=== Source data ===

BEGIN

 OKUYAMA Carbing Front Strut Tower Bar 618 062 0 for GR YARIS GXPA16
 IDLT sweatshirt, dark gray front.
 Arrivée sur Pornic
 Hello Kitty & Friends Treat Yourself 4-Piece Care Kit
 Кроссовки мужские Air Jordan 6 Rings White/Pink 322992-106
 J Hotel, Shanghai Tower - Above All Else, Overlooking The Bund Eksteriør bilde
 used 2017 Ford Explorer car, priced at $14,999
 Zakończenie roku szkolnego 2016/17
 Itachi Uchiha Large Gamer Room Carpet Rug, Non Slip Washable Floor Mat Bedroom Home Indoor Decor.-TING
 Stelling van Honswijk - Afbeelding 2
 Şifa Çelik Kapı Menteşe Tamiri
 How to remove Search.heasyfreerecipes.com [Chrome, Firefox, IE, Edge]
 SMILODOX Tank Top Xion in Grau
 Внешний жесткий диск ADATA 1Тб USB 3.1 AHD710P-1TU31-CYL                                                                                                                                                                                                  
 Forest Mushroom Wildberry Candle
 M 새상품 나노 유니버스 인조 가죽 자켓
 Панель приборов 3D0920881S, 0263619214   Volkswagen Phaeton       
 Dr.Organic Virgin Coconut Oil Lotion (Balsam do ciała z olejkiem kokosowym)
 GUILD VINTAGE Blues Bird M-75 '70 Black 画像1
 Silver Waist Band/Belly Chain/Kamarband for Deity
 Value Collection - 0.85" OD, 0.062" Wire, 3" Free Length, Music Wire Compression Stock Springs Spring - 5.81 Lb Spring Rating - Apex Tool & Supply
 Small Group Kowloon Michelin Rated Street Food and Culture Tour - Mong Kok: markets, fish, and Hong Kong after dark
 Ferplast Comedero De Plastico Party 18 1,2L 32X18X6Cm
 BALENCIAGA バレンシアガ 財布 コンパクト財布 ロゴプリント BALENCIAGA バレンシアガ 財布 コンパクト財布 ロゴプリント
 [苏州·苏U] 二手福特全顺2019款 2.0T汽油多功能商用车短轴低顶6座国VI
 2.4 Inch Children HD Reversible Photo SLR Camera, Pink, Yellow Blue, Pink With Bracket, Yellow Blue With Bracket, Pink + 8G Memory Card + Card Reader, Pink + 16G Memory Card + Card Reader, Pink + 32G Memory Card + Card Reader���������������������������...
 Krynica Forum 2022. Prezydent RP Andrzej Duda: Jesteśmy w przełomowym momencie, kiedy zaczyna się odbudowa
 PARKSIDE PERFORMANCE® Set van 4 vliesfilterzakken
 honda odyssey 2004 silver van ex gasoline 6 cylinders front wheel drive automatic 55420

END

=== What the task asks ===
Search the entries for the string "Pink" and return each line where it turns up.

=== Exercise answer ===
 Кроссовки мужские Air Jordan 6 Rings White/Pink 322992-106
 2.4 Inch Children HD Reversible Photo SLR Camera, Pink, Yellow Blue, Pink With Bracket, Yellow Blue With Bracket, Pink + 8G Memory Card + Card Reader, Pink + 16G Memory Card + Card Reader, Pink + 32G Memory Card + Card Reader���������������������������...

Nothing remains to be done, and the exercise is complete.